A medida que se acercan las elecciones parece que el país se ha convertido en un enorme mercadillo [enorme subasta retransmitida en directo y con dos compradores mayoritarios] donde todo estuviera de ofertas. En fin, que las rebajas de enero parecen haberse adelantado a la arena política con una frivolidad capaz de dejar frío a cualquiera que tenga unos segundos para reflexionar sobre cómo se están mediatizando y mercantilizando unas elecciones donde está en juego, en cada ocasión, nada menos que la soberanía nacional.
Aunque, por otro lado, no podemos sorprendernos con lo que no es sino un reflejo de la sociedad de consumo en la que vivimos, donde es el capital quien estableces las reglas del juego. En las economías de “libre mercado” el estado, según plantean los teóricos, debe permanecer al margen y no intervenir para no estropear el tinglado; a lo sumo, ejercer de agente regulador y aportar dinero cuando haga falta.
Así las cosas, nos encontramos con que es el ciudadano, entendido como consumidor, quien soporta la enorme presión que las empresas mercantiles (sean del tamaño, carácter o forma jurídica que sean), ejercen para que se gaste, se compre, se hipoteque, se empeñe y, en fin, se consuma. Y el estado, mientras tanto, se inhibe, apegándose al papel que se le ha asignado. Tan bien lo está haciendo que se está olvidando de defender a los consumidores y controlar a los vendedores. ¿Qué partido político lleva en su programa electoral, reciente o pasado, algo relativo a la defensa de los consumidores? De hecho, si siquiera existe una conciencia social sobre este problema. El acoso al que el capitalismo salvaje somete al consumidor no parece preocupar a partidos políticos ni a las administraciones públicas. Sin embargo, no por ello deja de ser menos acoso. Si se legisla sobre el acoso sexual, y se sensibiliza sobre él, y sobre la violencia doméstica, y sobre el acoso en el trabajo y sobre el bulling, por poner unos ejemplos, yo me pregunto ¿por qué no se hace nada, o casi nada respecto a este aspecto?

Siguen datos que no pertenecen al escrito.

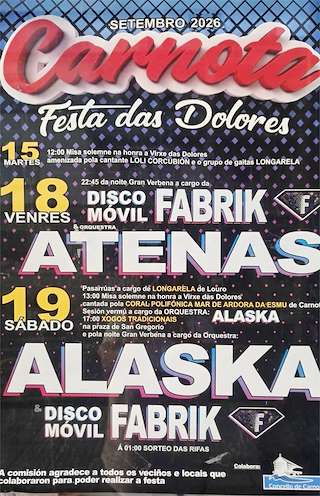 Fechas, información, programa, cartel, imágenes, mapa y ubicación de Festa das Dolores (2026) en Carnota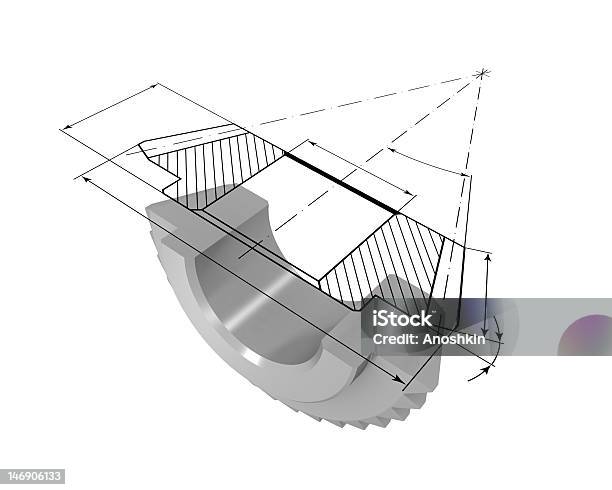 Engranajes En La Sección Y Dibujo Foto de stock y más banco de imágenes de Gráfico por ordenador - Gráfico por ordenador, Metalistería, Pieza de máquina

Si se penaliza al que roba un vehículo, al que atraca un establecimiento, al que no paga una multa, al que no declara lo que tiene, y un largo etcétera, especialmente cuando son ciudadanos de a pie, ¿por qué no se penaliza al que engaña al consumidor de obra o intención?
De obra, cuando nos venden un producto que no nos gusta, que está estropeado, que queremos cambiar, que está en garantía… Si no, que cada cual vea su propio caso y tire la primera piedra piedra el que esté libre de todo engaño. Por proponer un par de preguntas: ¿a quién no le han vendido una mercancía defectuosa de la que después nadie se ha hecho cargo?, ¿a quién no le han puesto obstáculos, y ha tenido que hacer un gasto o un esfuerzo estra, para darse de baja en un servicio que ya no quería?

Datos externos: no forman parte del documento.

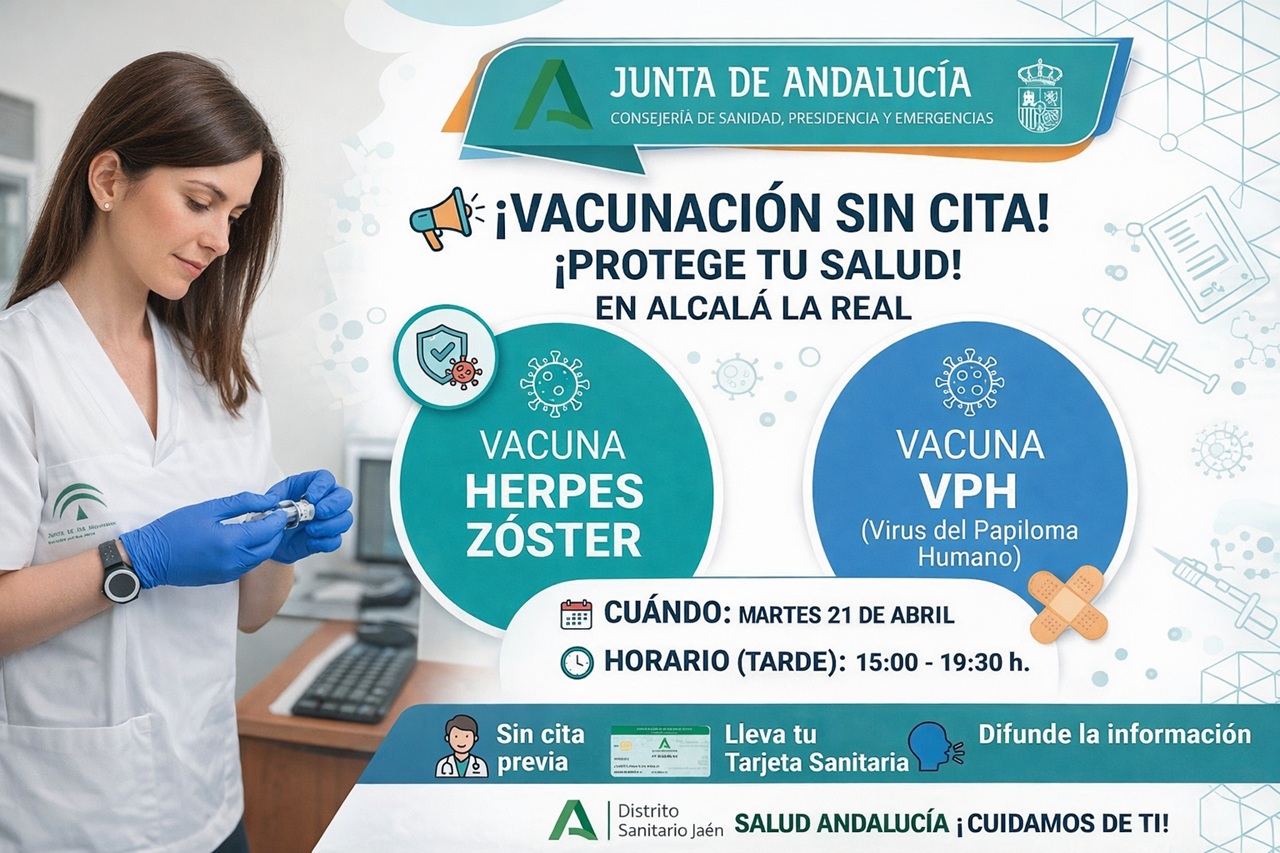 Jornada sin cita previa de vacunación frente al herpes zóster y el virus del papiloma humano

De intención, porque nos incitan continuamente a consumir mediante publicidad engañosa o manifiestamente falsa. ¿Y quién controla y sanciona eso? ¿No es justo y necesario que el estado que financiamos y elegimos entre todos nos proteja ante el acoso y el engaño de la publicidad? ¿No se debería sancionar con la misma fuerza a quien nos asegura que su automóvil es el número uno mundial sin que eso sea cierto? ¿O a quien nos ofrece dinero sin preguntas, o a quien nos ofrece unos servicios que después no se realizan, que nunca se han realizado? ¿Al que nos promete, probado ante notario, felicidad, seguridad, salud, calidad de vida ..? Y, sin embargo, en este frente estamos los ciudadanos más expuesto que en ningún otro, más indefensos, más desvalidos.
Será que antes se topaba uno con la Iglesia, o ese es el dicho, pero ahora que los tiempos están cambiando se topa uno con el Capital.
Alguien debería romper esta “ley del silencio”, plantear abiertamente y sin complejos el tema y luchar por la defensa de los derechos de los consumidores y las obligaciones de los vendedores.